Sifat ini tampak dalam kutipan berikut.
Pak
Karsonto biyen tau dipisuh-pisuhi kalane isih manggon sadesa ana ing Manting.
Malah ora trima sadesa, nanging sasat dadi saomah. Jalaran Pak Karsonto lanang
wadon kuwi buruhe. Kulawargane Karsonto diwenehi papan ana ing omah cilik ing
pojok pekarangane, supaya yen ana pikongkonan sawayah-wayah, ora kangelan
nggoleki (Esmiet, 1977: 11).
Embuh sabab apa, rong taun kepungkur
Pak Karsonto sing wis dadi buruhe telung puluh tahun lawase, ujug-ujug njaluk
metu saka pagaweyane lan pamitan bakal ngalih menyang desa Kalidawir.
Kutipan di atas menunjukkan bahwa
keluarga Karsonto sebagai wakil etnis Jawa pada novel ini hanya berprofesi
sebagai pesuruh yang hidupnya bergantung kepada seorang etnis Tionghoa yang
menjadi majikannya. Pak Karsonto dan keluarganya sudah 30 tahun menjadi pesuruh
Bian Biau, etnis Tionghoa yang menguasai daerah tersebut. Saat Pak Karsonto
meminta berhenti, Bian Biau tidak terima dan mengatakan bahwa keluarga Pak
Karsonto masih mempunyai hutang, karena kalau Ibu Karsonto sakit, Bian Biau
yang memberi ongkos untuk berobat. Oleh karena itu, Bian Biau meminta Karsini
(adik Karmodo) tetap tinggal dan menjadi pembantu di sana.

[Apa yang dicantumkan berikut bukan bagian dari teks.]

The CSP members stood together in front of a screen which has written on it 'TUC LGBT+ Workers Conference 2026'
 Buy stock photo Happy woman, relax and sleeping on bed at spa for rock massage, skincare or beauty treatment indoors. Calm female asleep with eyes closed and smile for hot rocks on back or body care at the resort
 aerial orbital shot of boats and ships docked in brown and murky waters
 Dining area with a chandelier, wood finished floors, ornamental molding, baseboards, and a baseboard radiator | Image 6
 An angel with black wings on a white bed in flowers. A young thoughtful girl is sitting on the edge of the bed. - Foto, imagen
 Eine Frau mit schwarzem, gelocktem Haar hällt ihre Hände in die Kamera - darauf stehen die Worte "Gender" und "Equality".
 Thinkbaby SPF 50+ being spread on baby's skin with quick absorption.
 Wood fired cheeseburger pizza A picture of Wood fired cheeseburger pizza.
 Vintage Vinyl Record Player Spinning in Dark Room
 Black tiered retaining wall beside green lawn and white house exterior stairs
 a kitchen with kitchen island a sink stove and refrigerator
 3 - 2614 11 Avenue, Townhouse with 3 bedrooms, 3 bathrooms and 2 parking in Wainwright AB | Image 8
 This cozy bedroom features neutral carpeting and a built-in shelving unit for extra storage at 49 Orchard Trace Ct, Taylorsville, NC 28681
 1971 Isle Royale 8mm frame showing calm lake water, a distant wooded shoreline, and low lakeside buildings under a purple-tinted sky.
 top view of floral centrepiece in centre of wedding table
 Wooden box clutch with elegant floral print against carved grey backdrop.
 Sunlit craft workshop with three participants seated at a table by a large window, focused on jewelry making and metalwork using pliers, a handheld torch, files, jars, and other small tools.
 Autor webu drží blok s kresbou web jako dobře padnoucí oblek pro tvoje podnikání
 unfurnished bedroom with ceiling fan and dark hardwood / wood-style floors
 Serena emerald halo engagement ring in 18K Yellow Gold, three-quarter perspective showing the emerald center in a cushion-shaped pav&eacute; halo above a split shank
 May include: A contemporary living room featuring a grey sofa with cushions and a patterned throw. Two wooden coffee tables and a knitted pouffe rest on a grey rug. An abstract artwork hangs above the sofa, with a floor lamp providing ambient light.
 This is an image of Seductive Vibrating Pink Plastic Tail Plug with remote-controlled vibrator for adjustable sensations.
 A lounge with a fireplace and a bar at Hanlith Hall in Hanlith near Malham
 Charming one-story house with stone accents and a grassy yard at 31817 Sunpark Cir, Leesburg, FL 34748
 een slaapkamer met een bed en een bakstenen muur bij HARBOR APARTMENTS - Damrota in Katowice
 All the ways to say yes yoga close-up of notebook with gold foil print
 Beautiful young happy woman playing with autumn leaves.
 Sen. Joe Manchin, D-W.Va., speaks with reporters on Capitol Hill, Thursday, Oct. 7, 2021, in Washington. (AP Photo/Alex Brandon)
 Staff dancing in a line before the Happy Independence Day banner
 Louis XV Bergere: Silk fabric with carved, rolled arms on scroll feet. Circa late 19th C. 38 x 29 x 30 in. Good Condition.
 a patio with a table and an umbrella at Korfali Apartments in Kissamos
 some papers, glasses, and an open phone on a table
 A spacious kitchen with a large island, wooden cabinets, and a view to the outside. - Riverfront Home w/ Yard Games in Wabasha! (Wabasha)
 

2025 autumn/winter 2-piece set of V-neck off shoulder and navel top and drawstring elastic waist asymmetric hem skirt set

Lagi-lagi tipikal etnis Jawa yang nrima dan serba ngalah tampak di sini. Pak Karsonto tanpa mengemukakan
ketidaksetujuannya, mengabulkan permintaan Bian Biau. Akhirnya anak bungsunya
ditinggal di rumah Bian Biau untuk menjadi pembantu sampai hutang-hutangnya
kepada Bian Biau lunas. Selain stereotip bahwa etnis Jawa hanya mampu menjadi
pembantu, selalu mengalah, dan lain-lain, sikap etnis Jawa yang selalu menaruh
curiga pada etnis Tinghoa juga tampak dalam kutipan berikut.
“…aja nganti kulawargane dadi gedibale Cina.
Lha kok kowe malah nekad arep dadi gundhik, coba …”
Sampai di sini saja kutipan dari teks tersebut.